Let the forces on the rod be the applied force $F$, weight $W=mg$, rope tension $T$, ground normal force $N$, and static friction $f$. For static equilibrium, the net force and net torque are zero. Taking torques about the base of the rod:

$$\Sigma \tau = T_x L - Fh = (T \sin\theta)L - Fh = 0 \implies T\sin\theta = \frac{Fh}{L}$$

The horizontal and vertical force equilibrium equations are:

$$\Sigma F_x = F - f - T\sin\theta = 0$$ $$\Sigma F_y = N - W - T\cos\theta = 0$$

At the point of slipping, $f = f_{max} = \mu N$. Substituting for $f$ and $T\sin\theta$:

$$F_{max}(1 - \frac{h}{L}) = \mu N$$

From the vertical force equation, $N = W + T\cos\theta = W + (T\sin\theta)\cot\theta = W + \frac{F_{max}h}{L}\cot\theta$. Substitute $N$ into the friction equation:

$$F_{max}(1 - \frac{h}{L}) = \mu (mg + \frac{F_{max}h}{L}\cot\theta)$$ $$F_{max} \left( 1 - \frac{h}{L} - \frac{\mu h}{L}\cot\theta \right) = \mu mg$$ $$F_{max} = \frac{\mu mg}{1 - \frac{h}{L}(1 + \mu\cot\theta)}$$

The rod will not slip for any $F > 0$ if the denominator is less than or equal to zero.

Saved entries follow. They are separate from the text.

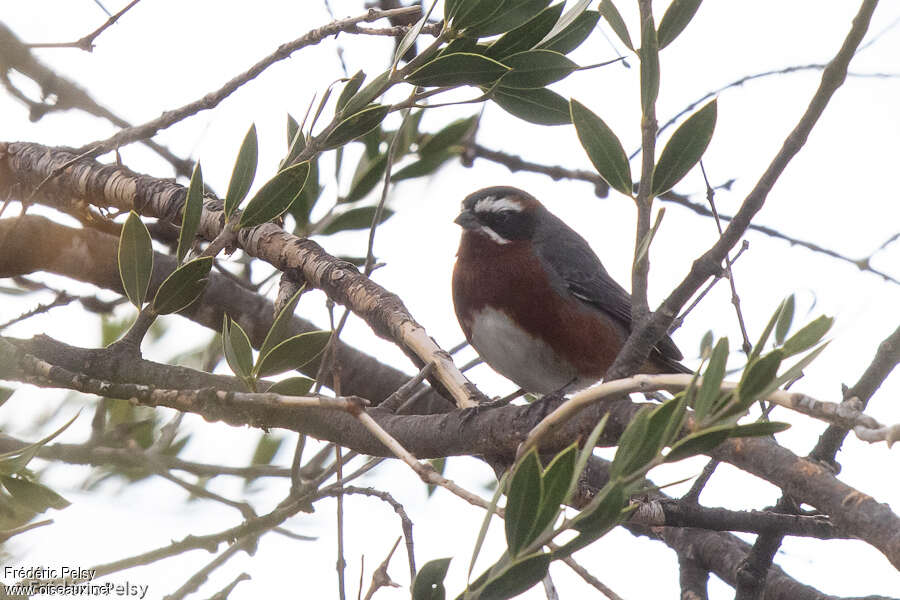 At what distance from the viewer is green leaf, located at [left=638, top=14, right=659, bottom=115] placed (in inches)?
83.1

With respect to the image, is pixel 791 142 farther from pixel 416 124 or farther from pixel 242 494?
pixel 416 124

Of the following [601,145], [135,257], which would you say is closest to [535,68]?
[601,145]

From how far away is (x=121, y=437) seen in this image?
10.8 ft

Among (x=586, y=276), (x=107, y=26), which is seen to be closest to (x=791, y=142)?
(x=107, y=26)

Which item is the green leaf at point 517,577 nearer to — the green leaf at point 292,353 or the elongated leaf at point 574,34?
the green leaf at point 292,353

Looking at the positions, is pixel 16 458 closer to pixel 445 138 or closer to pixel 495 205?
pixel 445 138

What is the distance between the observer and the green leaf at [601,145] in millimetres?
2293

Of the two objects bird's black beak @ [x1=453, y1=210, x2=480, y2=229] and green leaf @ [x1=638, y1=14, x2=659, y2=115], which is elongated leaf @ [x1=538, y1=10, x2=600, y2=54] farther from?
bird's black beak @ [x1=453, y1=210, x2=480, y2=229]

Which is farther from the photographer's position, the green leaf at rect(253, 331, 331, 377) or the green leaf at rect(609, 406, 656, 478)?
the green leaf at rect(253, 331, 331, 377)

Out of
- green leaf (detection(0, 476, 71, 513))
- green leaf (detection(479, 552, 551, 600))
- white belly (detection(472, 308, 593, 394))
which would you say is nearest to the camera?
green leaf (detection(479, 552, 551, 600))

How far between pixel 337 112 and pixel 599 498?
173 cm

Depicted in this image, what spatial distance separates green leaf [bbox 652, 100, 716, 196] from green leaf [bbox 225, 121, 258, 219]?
3.90ft

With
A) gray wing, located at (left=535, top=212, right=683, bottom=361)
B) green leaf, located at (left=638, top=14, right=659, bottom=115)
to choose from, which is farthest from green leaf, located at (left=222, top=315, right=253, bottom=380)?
gray wing, located at (left=535, top=212, right=683, bottom=361)

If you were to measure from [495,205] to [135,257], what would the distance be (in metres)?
3.09
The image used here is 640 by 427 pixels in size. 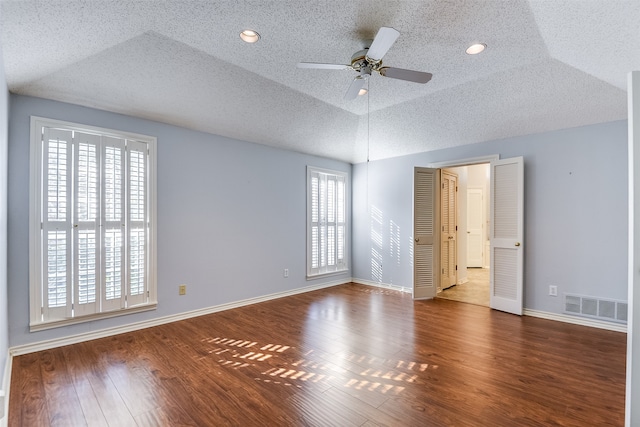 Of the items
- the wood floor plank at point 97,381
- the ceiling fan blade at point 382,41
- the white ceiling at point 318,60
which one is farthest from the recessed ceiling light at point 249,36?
the wood floor plank at point 97,381

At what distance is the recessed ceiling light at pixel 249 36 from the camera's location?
2443 mm

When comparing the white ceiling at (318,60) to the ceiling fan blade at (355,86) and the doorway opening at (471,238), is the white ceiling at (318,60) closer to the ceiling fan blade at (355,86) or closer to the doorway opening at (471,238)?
the ceiling fan blade at (355,86)

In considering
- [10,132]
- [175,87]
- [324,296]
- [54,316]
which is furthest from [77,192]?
[324,296]

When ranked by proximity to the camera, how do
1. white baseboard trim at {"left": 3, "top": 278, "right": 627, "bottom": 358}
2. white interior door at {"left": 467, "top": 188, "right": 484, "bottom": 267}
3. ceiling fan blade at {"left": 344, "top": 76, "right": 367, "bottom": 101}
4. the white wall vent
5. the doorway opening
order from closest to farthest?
ceiling fan blade at {"left": 344, "top": 76, "right": 367, "bottom": 101}
white baseboard trim at {"left": 3, "top": 278, "right": 627, "bottom": 358}
the white wall vent
the doorway opening
white interior door at {"left": 467, "top": 188, "right": 484, "bottom": 267}

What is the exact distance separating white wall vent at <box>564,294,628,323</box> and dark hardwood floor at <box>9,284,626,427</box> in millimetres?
236

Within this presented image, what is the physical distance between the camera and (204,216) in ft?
13.2

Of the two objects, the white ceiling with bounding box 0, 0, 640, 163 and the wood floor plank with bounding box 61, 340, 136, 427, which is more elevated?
the white ceiling with bounding box 0, 0, 640, 163

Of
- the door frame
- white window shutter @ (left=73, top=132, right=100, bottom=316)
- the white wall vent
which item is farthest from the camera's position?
the door frame

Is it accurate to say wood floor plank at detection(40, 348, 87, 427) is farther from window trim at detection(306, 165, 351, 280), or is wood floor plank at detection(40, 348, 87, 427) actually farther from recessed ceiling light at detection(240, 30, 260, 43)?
window trim at detection(306, 165, 351, 280)

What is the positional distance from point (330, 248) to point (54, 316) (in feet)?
13.1

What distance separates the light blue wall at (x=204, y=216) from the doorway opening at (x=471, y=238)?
8.75ft

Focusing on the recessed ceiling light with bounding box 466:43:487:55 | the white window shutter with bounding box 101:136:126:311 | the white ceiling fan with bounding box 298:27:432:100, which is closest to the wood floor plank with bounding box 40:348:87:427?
the white window shutter with bounding box 101:136:126:311

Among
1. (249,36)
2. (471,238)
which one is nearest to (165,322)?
(249,36)

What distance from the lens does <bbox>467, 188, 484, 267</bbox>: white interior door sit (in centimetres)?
780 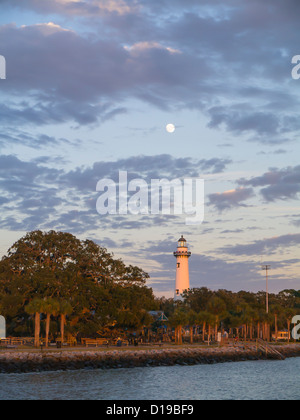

This occurs when:

$$1 - \frac{h}{L}(1 + \mu\cot\theta) \le 0 \implies h \ge \frac{L}{1 + \mu\cot\theta}$$

Using $g=10$ m/s$^2$, $mg=500$ N. $\cot30^\circ=\sqrt{3}$.

[Q1] For $h = 2L/5$, $h/L = 0.4$.

$$F_{max} = \frac{0.3 \cdot 500}{1 - 0.4(1 + 0.3\sqrt{3})} = \frac{150}{1 - 0.4(1.52)} \approx 383 \text{ N}$$

[Q2] The critical height is $h_c = \frac{L}{1 + 0.3\sqrt{3}} \approx 0.658L$. For $h=4L/5 = 0.8L$, we have $h > h_c$. The denominator in the expression for $F_{max}$ is negative, meaning the friction force available increases faster than the force required to prevent slipping. Thus, the rod will not slip for any applied force $F$.

[Q3] The rod will never slip when $h \ge h_c \approx 0.658L$.